## ACTIVITY
Please, without any pictures, set down exactly the part of the listing below that opens with the line containing "Banc de rangement" and closes with the line containing "Polish women in".

═════ THE DATA

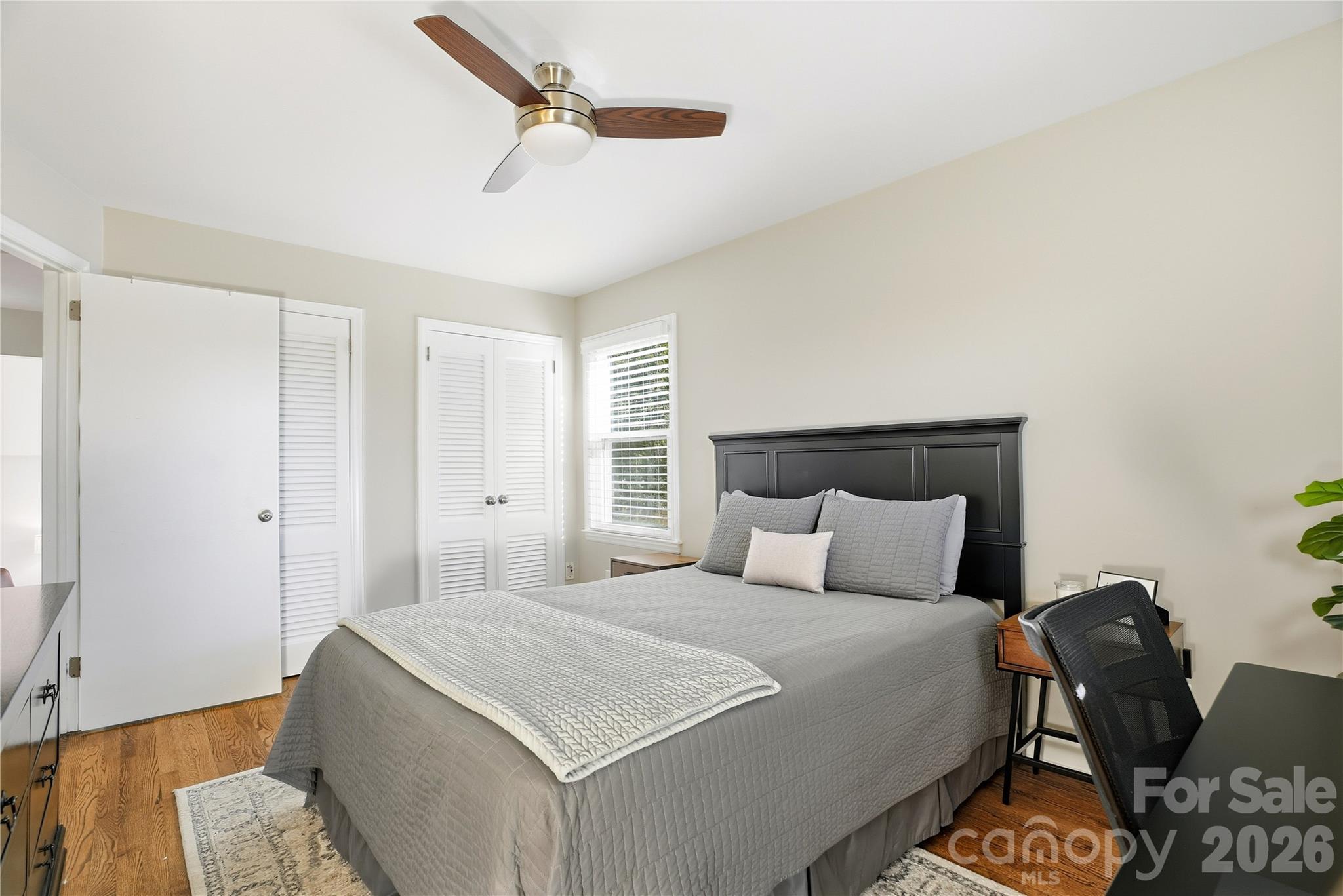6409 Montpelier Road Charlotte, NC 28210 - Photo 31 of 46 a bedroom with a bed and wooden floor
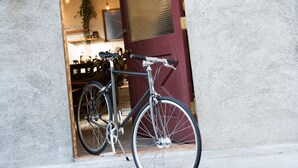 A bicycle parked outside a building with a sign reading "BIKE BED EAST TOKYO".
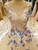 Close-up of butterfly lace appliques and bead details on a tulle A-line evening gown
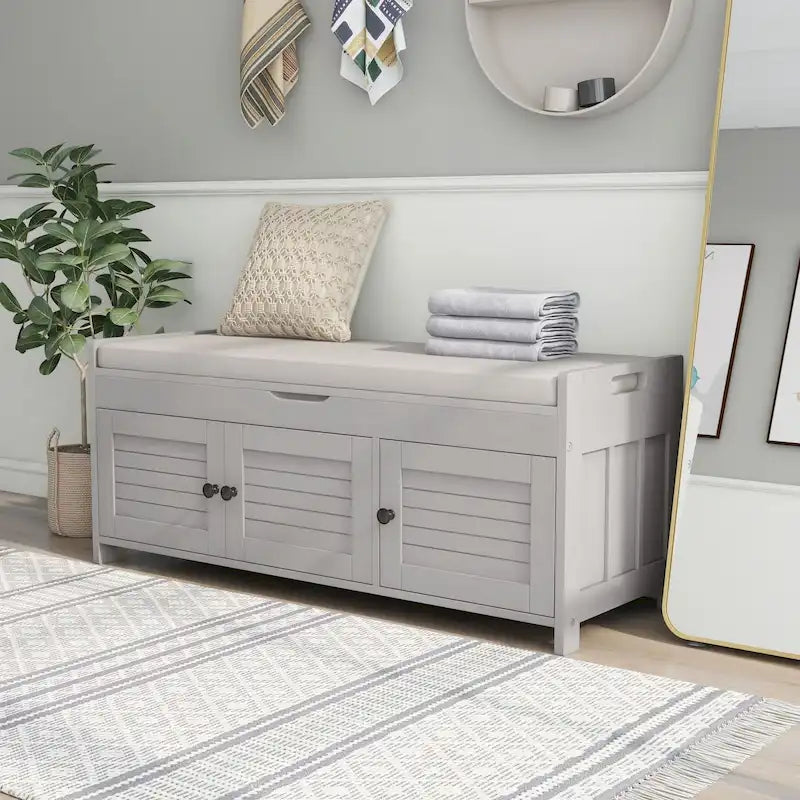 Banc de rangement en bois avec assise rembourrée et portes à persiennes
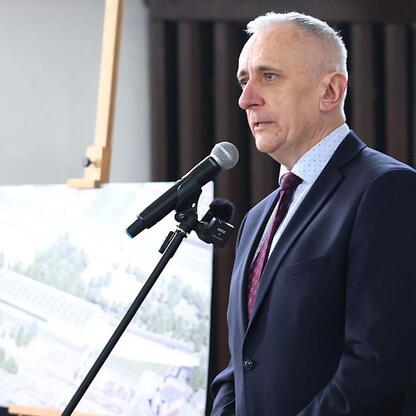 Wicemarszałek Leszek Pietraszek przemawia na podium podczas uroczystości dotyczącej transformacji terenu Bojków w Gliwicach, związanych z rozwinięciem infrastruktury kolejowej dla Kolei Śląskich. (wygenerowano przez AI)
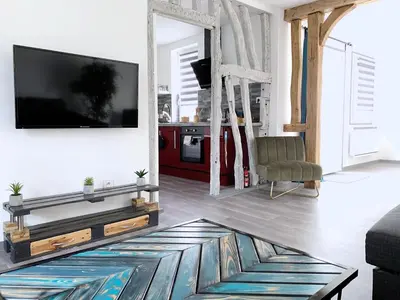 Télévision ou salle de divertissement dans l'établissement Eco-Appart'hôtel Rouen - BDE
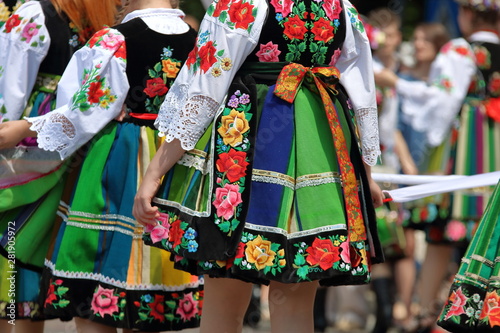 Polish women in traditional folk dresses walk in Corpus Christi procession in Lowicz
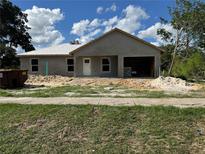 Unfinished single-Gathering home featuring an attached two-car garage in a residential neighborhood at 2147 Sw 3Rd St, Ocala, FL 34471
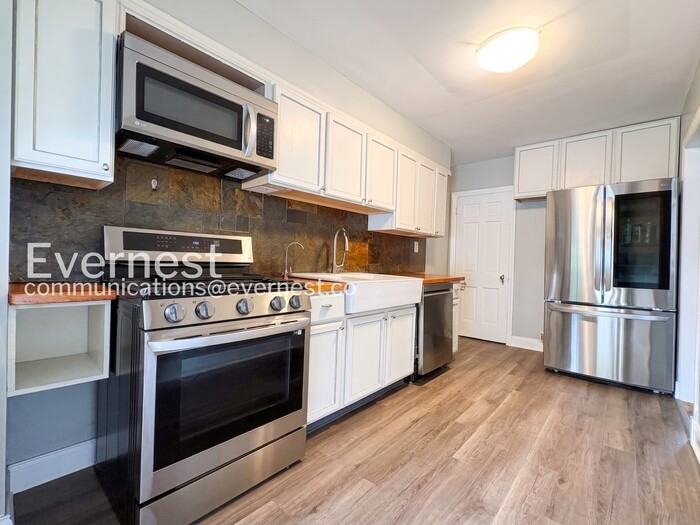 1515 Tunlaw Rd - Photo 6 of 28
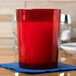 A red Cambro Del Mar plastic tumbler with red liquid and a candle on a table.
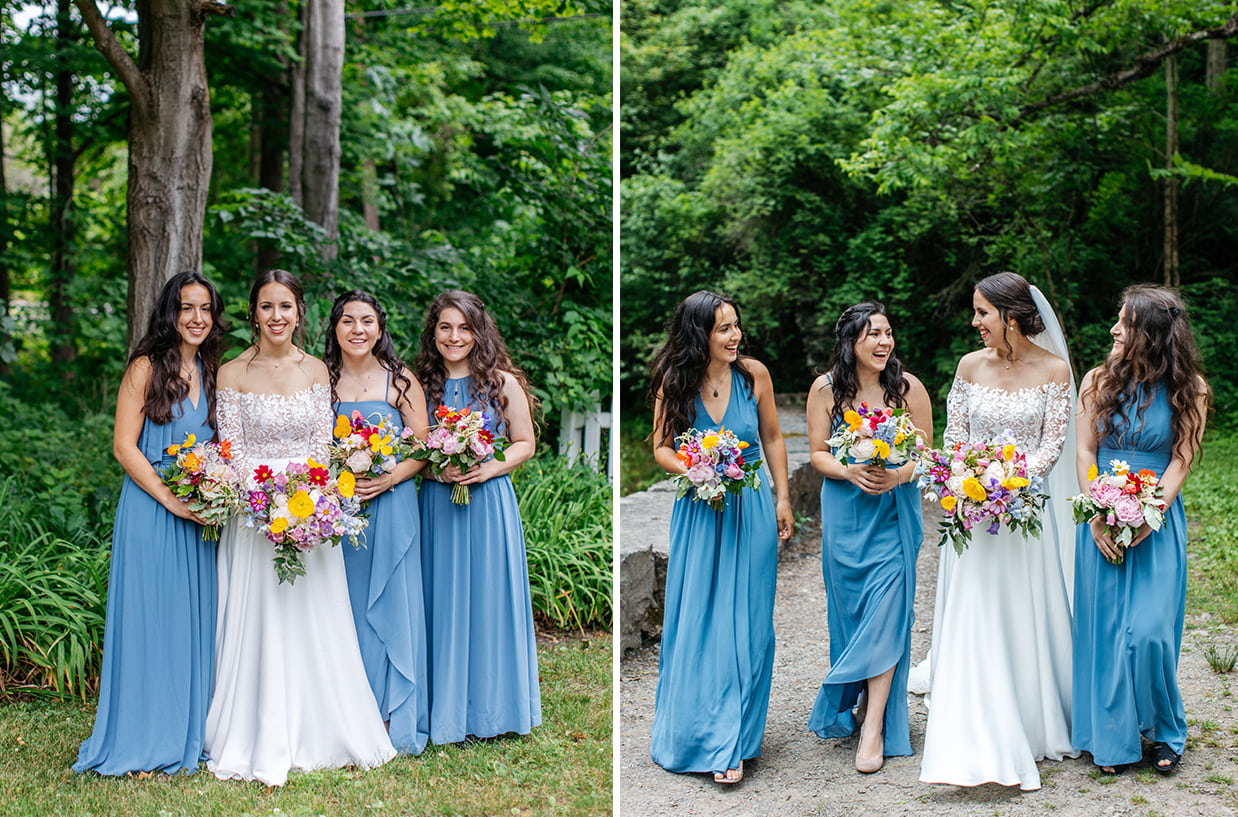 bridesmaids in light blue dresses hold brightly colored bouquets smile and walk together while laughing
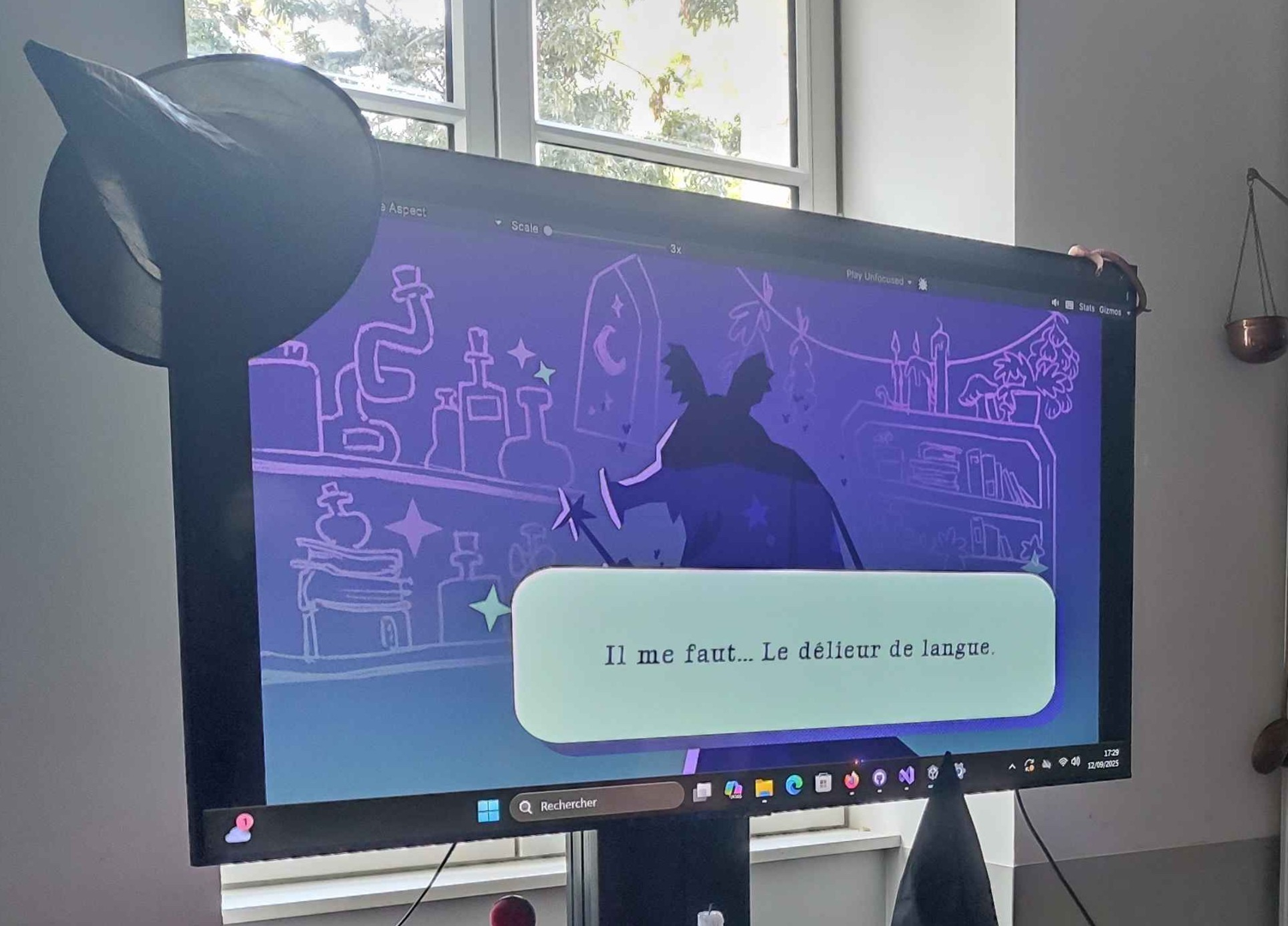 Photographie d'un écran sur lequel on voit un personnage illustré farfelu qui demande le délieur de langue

══════════

## RESULT FOR THIS TASK
 Banc de rangement en bois avec assise rembourrée et portes à persiennes
 Wicemarszałek Leszek Pietraszek przemawia na podium podczas uroczystości dotyczącej transformacji terenu Bojków w Gliwicach, związanych z rozwinięciem infrastruktury kolejowej dla Kolei Śląskich. (wygenerowano przez AI)
 Télévision ou salle de divertissement dans l'établissement Eco-Appart'hôtel Rouen - BDE
 Polish women in traditional folk dresses walk in Corpus Christi procession in Lowicz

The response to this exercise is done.